**Provided material:**
§

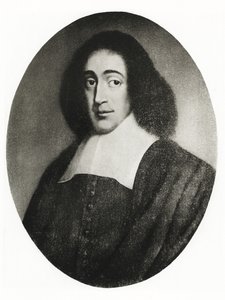 Baruch Spinoza door German School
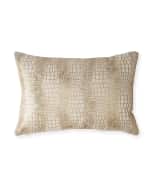 Image 3 of 3: Massoud Coco Hair Hide Pillow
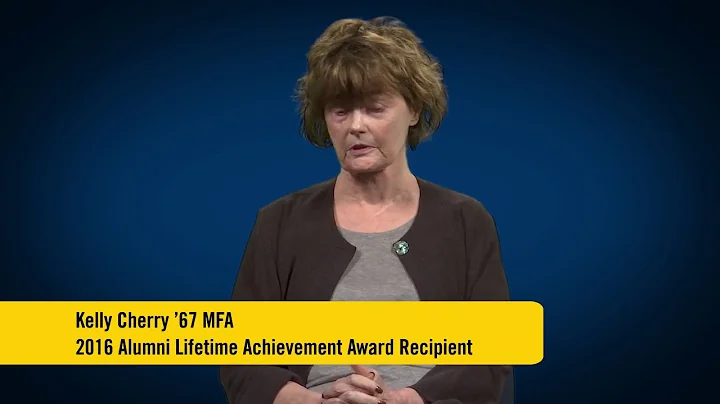 Alumni Lifetime Achievement Award - Kelly Cherry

§

**Task goal:** Only the pictures stay behind; everything else in the data above is to be retyped exactly.

**Worked solution:**
 Baruch Spinoza door German School
 Image 3 of 3: Massoud Coco Hair Hide Pillow
 Alumni Lifetime Achievement Award - Kelly Cherry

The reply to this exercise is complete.